New GPU PREEMPT Partition Announcement | crc.pitt.edu

Submitted by yak73 on Mon, 02/26/2024 - 17:10

Dear CRC Users,

Presently, our GPU cluster's A100_MULTI partition hosts 10 high-powered computing nodes, each equipped with 4 A100 GPUs. This setup is tailor-made for tackling the most demanding computational tasks across multiple nodes and GPUs and it necessitates a minimum of 2 nodes/8 GPUs for jobs to run. Yet, despite its robust capabilities, the partition sometimes sits idle due to limited number of research groups having jobs that meet the minimum node/GPU requirements.

To maximize resource utilization, we're excited to introduce PREEMPT—a dynamic new partition open to all Pitt CRC users. Much like its counterpart, PREEMPT utilizes the same high-performance nodes found in the A100_MULTI partition but without imposing minimum node/GPU constraints.

It is important to note that jobs running on PREEMPT are subject to preemption. This means they may be terminated and requeued whenever a job meeting the minimum requirements of A100_MULTI is submitted. Preempted jobs are placed back in the queue and resumed once resources become available. Please be aware that utilizing PREEMPT will not incur charges and will not be deducted from your group's allocation.
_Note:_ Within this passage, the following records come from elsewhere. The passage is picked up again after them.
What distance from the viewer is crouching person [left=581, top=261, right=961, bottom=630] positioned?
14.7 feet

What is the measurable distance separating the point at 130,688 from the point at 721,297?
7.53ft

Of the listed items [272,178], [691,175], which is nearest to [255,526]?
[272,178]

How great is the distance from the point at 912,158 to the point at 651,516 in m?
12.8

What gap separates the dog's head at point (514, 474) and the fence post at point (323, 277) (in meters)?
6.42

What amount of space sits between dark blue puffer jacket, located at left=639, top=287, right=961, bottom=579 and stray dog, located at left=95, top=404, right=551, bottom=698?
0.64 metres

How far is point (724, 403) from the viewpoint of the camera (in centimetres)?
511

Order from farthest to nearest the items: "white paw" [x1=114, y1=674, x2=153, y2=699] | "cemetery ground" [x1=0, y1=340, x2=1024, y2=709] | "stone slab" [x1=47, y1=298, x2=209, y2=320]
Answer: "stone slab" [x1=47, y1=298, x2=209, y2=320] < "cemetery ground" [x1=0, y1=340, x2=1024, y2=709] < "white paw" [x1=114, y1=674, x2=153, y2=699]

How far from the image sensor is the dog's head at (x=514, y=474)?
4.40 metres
To ensure your job is directed to the PREEMPT partition, simply specify “preempt” for the "--partition" parameter in your submission script.

Below is a template of a submission script that can be used for submission to the PREEMPT partition on the GPU cluster:

#!/bin/bash
#SBATCH --job-name=my_awesome_gpu_job
#SBATCH --cluster=gpu
#SBATCH --partition=preempt
#SBATCH --nodes=1                        # node count
#SBATCH --ntasks-per-node=1              # total number of tasks per node
#SBATCH --cpus-per-task=16                # cpu-cores per task (>1 if multi-threaded tasks)<
#SBATCH --mem=256G                        # total memory per node (4 GB per cpu-core is default)
#SBATCH --gres=gpu:1                     # number of gpus per node
#SBATCH --time=3-00:00:00                  # total run time limit (DD-HH:MM:SS)
#SBATCH --error=job.%J.err
#SBATCH --output=job.%J.out

If you experience any difficulties or require assistance in tailoring your job script, kindly submit a support ticket.

Thank you,

The CRC Team